もし、本当ならとてもうれしいことであるが、今日の話題はそっちの「フシギ話」ではないところで。
生きていて、本当に偶然じゃないかとしか思えないことに遭遇することってある。
良い偶然の代表は、例えば、
たまたま行ったスーパーで、特売の卵の最後のひとパックをゲットできたときとか、
たまたまテレビをつけたら、大好きな映画をやっていたとか、
たまたまお腹が痛くなって、駅のトイレに入ったら、いつも混んでいるのにそのときだけ空いていたとか。
逆に悪い偶然というのもある。
たまたま行ったスーパーで、どうしても食べたい寿司ネタだけ、売り切れだったときとか、
たまたまテレビをつけたら、NHKは特に興味もない相撲の中継をやっていて、ほかの民放も大嫌いなお笑いタレントの番組しかやっていないときとか、
たまたまお腹が痛くなって、駅のトイレに駆け込んだら個室は生憎いっぱいで、やっと空いたと思って用を足して、紙がないのに気づいた時とか。

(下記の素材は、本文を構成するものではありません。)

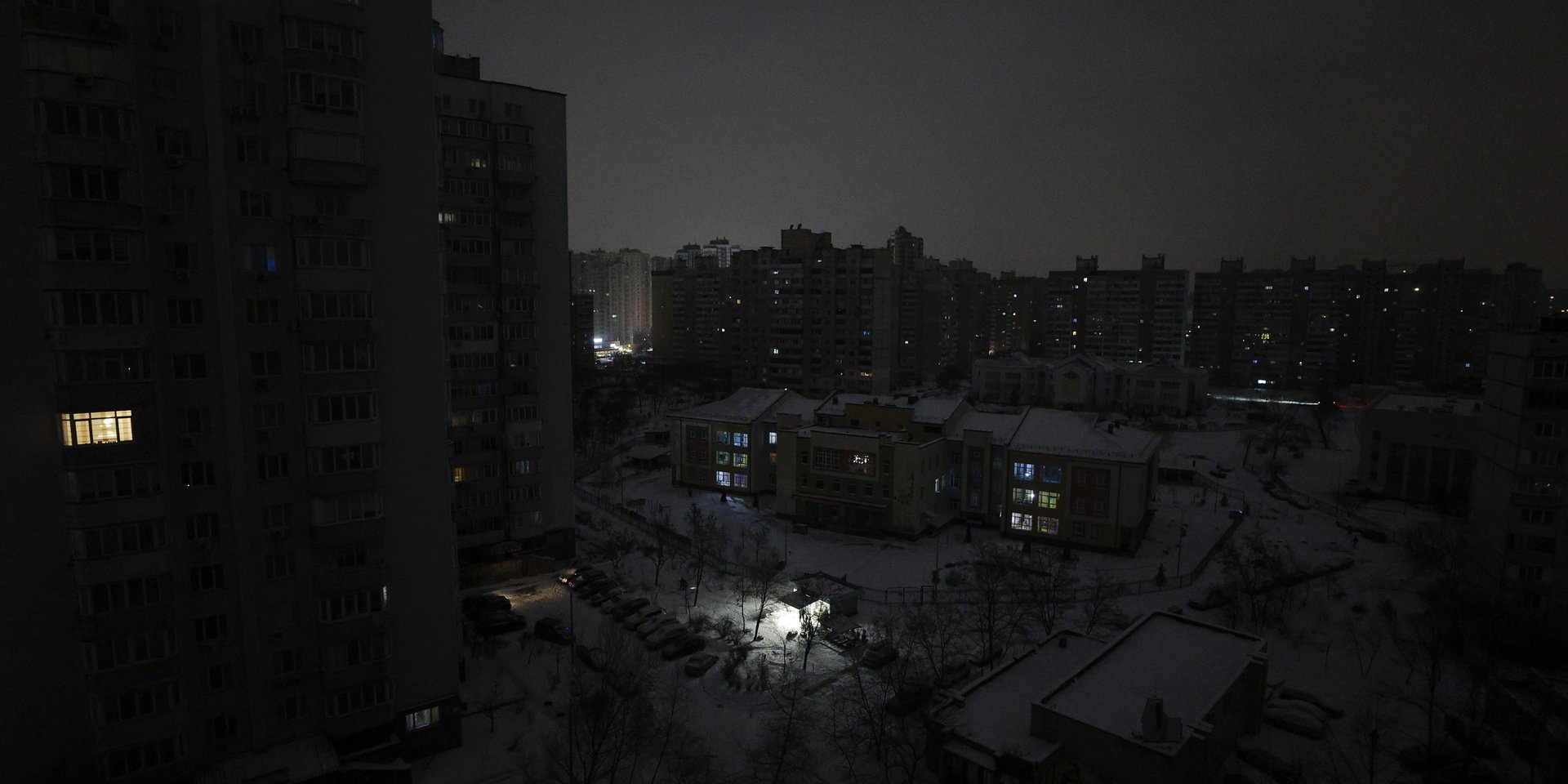 В Киеве 400 многоэтажек шестые сутки остаются без тепла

運が良いとか悪いとか、理由はなくてもこういうことは不思議と続いたりするものだし、明らかに良いこと続きの日と、悪いことばかりの日があるのもまた不思議なものだ。
古来から、人間はこの「不思議なこと」に対して、挑戦し続けてきた。
鳥はなぜ空を飛べるんだろう。
人はなぜ病にかかるんだろう。
地面はなぜ揺れるんだろう。
人類は飛行機という工作物を作って空を飛ぶことを可能にし、病の原因であるウイルスやガン細胞を解明して予防や治療を可能にし、いまや地震を予知しようとしている。
しかし。
今更言うことではないかもしれないけれど、人間は神ではないから、絶対はあり得ない。
飛行機だって整備や操縦を怠れば重力に従って墜落し、薬や手術でも治せない病があり、地震だっていつどこで起きるかわからない以上、予知するなんて至難の業。

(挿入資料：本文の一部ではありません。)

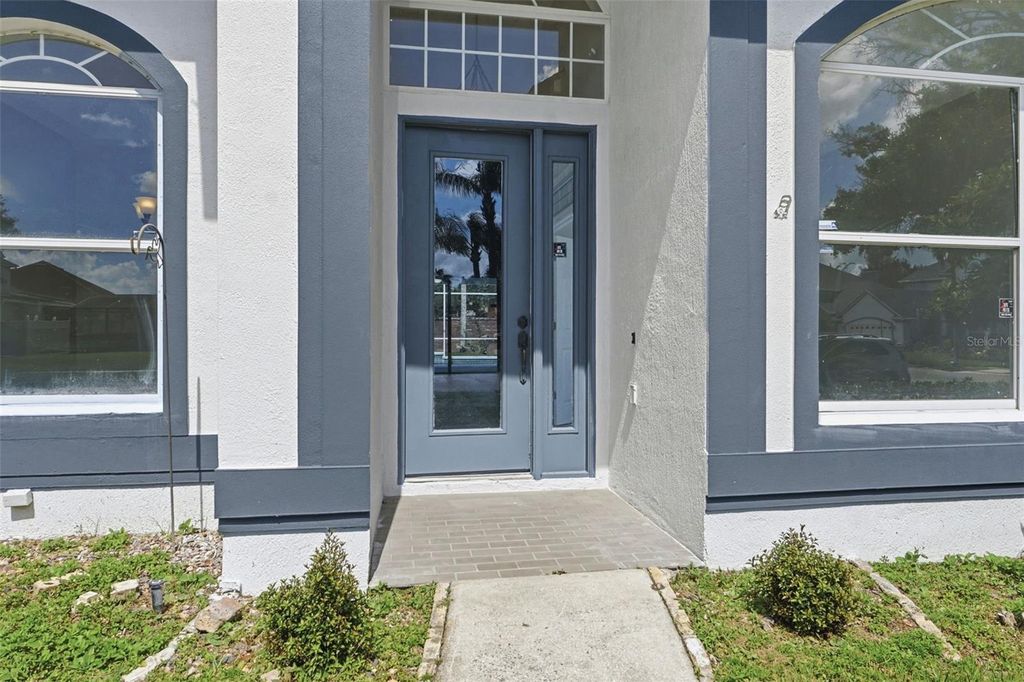 Image 3 of property listing at 12714 TOPSFIELD DRIVE, Orlando, FL 32837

人間がかかわっている以上、そこに失敗はつきものだし、当然科学も万能じゃない。
重要なのは、人間は「それほどの存在だ」ということを、きちんと弁えることだ。
北九州に太宰府天満宮という、菅原道真ゆかりの天神様がある。
ここに樹齢1000年を超えるとされている巨大な白梅の木がある。
これは、菅原道真の京都の邸宅に植えていたものが、大宰府に左遷されたあと、一夜にして太宰府まで飛んで行って根付いた、という伝説の梅の木だ。
「東風吹かば にほひおこせよ 梅の花 あるじなしとて 春な忘れそ」
伝説だから、科学では解明するすべはないけれど、
不思議なことにも、そっと不思議のままにしておいたほうがいいものもある。
それが人間の豊かさであり、日本人としての奥ゆかしさでもある。